▶ [ASSIGNMENT] Gather each line in the entries that includes the string "Shirt".

▶ [Web page caption snippets]
+===+
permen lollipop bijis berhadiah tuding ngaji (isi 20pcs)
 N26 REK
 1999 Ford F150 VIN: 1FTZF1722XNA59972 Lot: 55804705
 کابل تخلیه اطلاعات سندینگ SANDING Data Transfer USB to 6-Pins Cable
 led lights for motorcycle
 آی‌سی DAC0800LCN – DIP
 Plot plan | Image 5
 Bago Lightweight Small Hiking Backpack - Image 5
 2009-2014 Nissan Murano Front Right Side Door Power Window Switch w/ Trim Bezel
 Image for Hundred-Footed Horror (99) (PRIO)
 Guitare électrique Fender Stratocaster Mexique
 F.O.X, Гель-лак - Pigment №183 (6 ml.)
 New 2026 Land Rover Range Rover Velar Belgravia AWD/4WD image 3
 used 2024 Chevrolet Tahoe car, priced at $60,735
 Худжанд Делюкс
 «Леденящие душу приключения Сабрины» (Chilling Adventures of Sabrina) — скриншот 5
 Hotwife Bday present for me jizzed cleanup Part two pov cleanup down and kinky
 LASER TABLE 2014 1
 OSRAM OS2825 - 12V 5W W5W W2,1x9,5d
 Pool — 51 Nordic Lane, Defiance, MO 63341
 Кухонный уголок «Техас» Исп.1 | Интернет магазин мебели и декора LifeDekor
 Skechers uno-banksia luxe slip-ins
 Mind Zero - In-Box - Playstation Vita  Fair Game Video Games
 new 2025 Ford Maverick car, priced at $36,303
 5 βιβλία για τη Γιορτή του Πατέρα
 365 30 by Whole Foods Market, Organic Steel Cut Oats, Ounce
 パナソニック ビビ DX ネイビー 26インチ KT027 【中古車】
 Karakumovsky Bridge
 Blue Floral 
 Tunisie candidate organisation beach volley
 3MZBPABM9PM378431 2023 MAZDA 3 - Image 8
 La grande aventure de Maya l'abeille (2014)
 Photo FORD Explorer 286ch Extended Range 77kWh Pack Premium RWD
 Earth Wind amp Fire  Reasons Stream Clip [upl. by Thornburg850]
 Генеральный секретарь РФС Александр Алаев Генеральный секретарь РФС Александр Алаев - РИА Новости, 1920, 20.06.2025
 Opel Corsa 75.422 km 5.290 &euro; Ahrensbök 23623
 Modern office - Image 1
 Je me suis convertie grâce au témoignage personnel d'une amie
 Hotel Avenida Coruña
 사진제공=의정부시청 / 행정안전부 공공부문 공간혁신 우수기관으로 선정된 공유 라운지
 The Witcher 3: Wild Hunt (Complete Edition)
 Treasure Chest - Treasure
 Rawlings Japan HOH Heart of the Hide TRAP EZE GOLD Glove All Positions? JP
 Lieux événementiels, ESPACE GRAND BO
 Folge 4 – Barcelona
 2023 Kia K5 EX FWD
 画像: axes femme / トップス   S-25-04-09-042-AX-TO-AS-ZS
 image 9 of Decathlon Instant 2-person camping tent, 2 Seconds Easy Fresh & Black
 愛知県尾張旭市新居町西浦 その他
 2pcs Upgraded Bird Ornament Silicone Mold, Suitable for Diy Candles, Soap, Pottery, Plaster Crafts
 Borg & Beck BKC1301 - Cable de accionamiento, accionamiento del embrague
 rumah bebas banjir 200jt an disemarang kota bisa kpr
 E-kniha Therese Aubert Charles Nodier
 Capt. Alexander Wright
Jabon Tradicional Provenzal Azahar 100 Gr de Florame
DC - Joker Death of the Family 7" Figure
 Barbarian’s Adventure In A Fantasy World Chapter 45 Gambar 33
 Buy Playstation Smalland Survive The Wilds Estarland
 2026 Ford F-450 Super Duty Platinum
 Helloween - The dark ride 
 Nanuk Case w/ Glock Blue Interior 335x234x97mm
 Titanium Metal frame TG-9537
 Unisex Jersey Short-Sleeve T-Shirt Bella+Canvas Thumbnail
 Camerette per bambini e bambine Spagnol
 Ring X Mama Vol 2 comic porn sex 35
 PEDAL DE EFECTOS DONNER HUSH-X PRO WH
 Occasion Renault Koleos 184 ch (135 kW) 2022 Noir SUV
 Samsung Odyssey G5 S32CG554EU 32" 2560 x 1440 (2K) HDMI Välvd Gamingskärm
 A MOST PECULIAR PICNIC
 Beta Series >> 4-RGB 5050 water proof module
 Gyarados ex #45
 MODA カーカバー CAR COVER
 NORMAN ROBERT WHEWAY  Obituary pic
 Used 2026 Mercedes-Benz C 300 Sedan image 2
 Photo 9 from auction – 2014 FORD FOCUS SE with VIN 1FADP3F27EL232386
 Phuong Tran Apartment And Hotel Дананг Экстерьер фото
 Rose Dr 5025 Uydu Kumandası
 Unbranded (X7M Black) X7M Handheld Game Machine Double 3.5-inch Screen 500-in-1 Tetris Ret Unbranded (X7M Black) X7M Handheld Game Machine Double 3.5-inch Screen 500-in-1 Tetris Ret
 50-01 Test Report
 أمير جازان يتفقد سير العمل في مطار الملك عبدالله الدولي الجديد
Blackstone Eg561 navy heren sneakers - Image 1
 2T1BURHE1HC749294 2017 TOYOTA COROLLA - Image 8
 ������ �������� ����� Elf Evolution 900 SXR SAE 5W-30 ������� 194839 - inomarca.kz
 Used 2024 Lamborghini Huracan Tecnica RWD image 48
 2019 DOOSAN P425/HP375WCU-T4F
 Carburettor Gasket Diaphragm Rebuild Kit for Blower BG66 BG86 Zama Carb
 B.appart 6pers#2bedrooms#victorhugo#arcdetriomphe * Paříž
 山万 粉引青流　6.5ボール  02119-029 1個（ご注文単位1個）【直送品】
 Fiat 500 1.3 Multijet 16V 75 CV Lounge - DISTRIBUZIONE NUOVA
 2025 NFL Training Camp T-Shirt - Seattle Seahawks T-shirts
+===+
▶ [OUTPUT BELOW]
 Unisex Jersey Short-Sleeve T-Shirt Bella+Canvas Thumbnail
 2025 NFL Training Camp T-Shirt - Seattle Seahawks T-shirts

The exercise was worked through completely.